Information Systems Integration – Tony Messina

Modern Prosthetics revolutionary or disruptive?

In class, we talked about disruptive technology and how a something can be “revolutionary” rather than disruptive. Prostheses have been around for a long time however in the past they were merely just imitations of missing body parts. These imitations did not function as your regular body parts and did not enable the wielder to operate like they once did. Modern prosthetic devices are lightweight and strong. They are made from newer materials such as advanced plastics and carbon fiber. The materials allow the prosthetics to be more controllable with functions such as gripping and walking. Newer prostheses are even enabling bionic movements with motors and sensors. However, is this technology only revolutionary or disruptive? Since most prostheses are covered by insurance, would people more likely to opt into bionic prostheses and eventually make it a norm?
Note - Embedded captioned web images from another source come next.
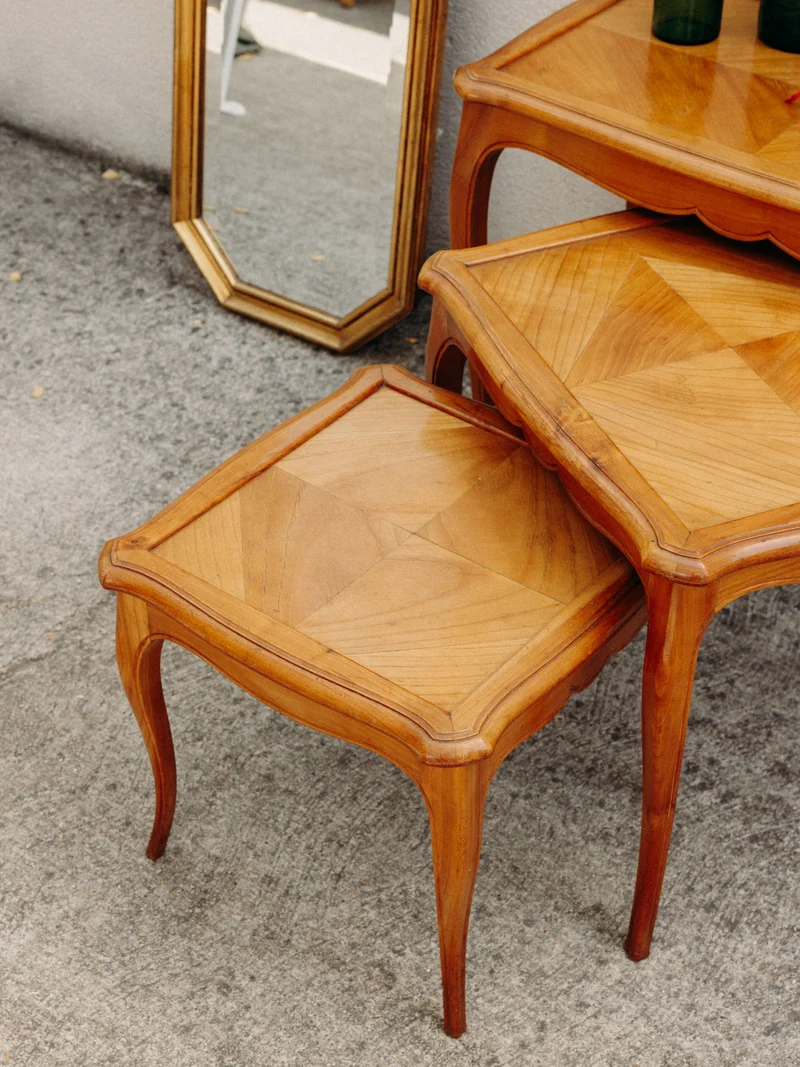 Barbara, le lot de 3 tables gigognes aux plateaux marquetés N°166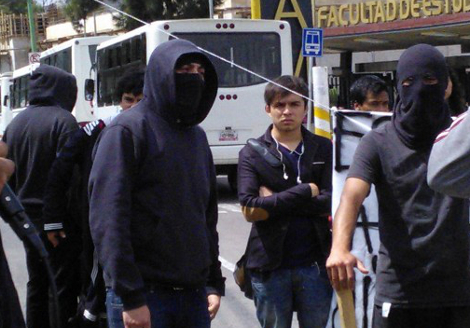 Un grupo de jóvenes cerró durante cuatro horas la la avenida Jardines de San Mateo.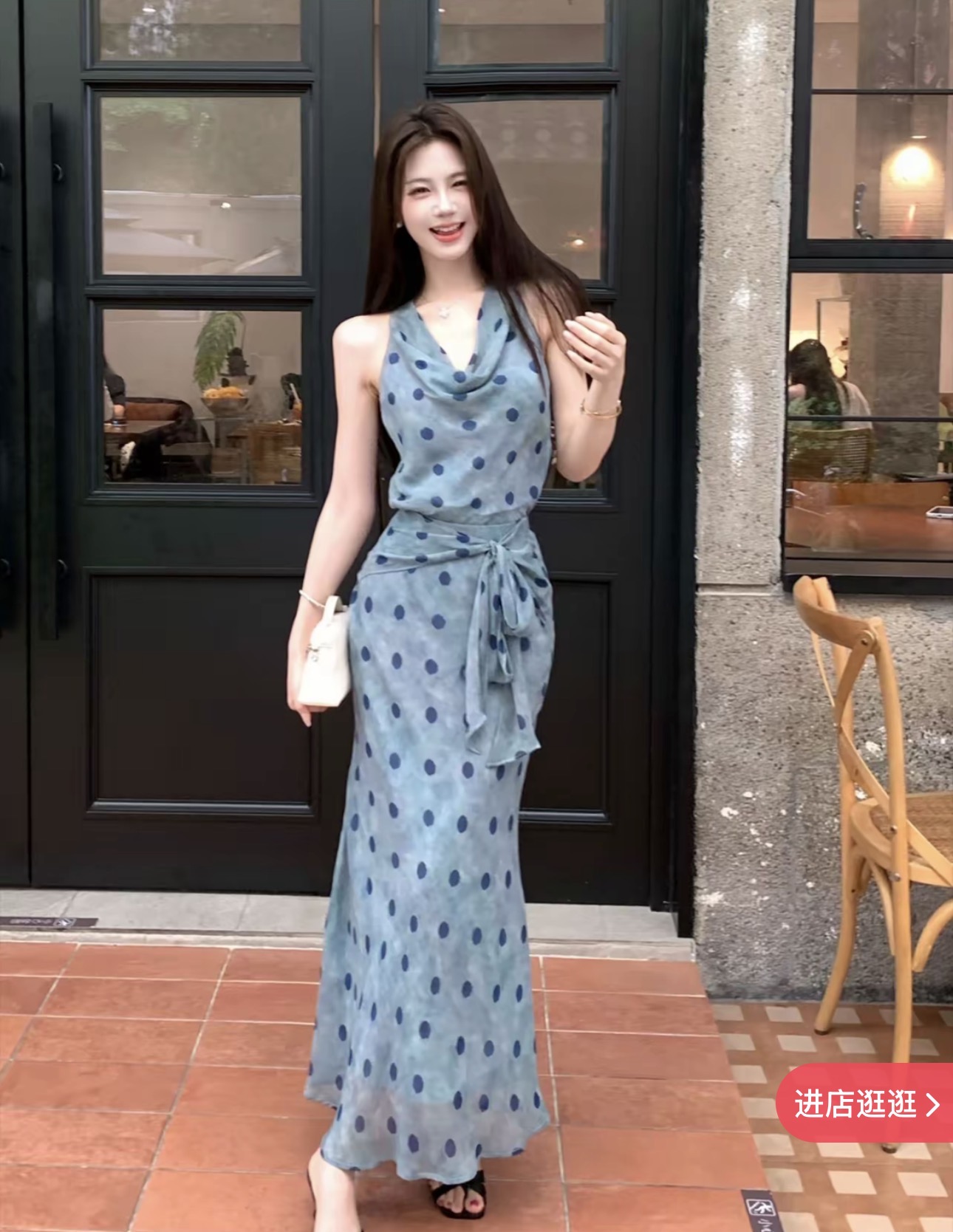 무쯔리 목자이 ~ 중 리 블루 웨이브 리플 그림자 프랑스식 V넥 도트 무늬 민소매 쉬폰 톱 도루 센스 슬림해 보이는 반 스커트 세트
2 Responses to Modern Prosthetics revolutionary or disruptive?

  • I wouldn’t classify modern prosthetics as disruption because it doesn’t qualify for low-end or new-market disruption. New prosthetics are better quality than old ones, so they wouldn’t tie into low-end disruption. On the other hand, the creators of modern prosthetics are also not changing the market of people who require prosthetics either, so they wouldn’t classify as new-market disruption. Instead, I would think modern prosthetics to align most with sustaining innovation because its creators are taking old prosthetics from established markets and increasing quality and capability.

  • I agree with Adriana in that it is not disruptive. The new technology involved in prosthetics is revolutionizing the industry and I do believe that bionic movements with sensors and motors will be the new norm at some point but only once insurance companies begin to cover their use on a regular basis.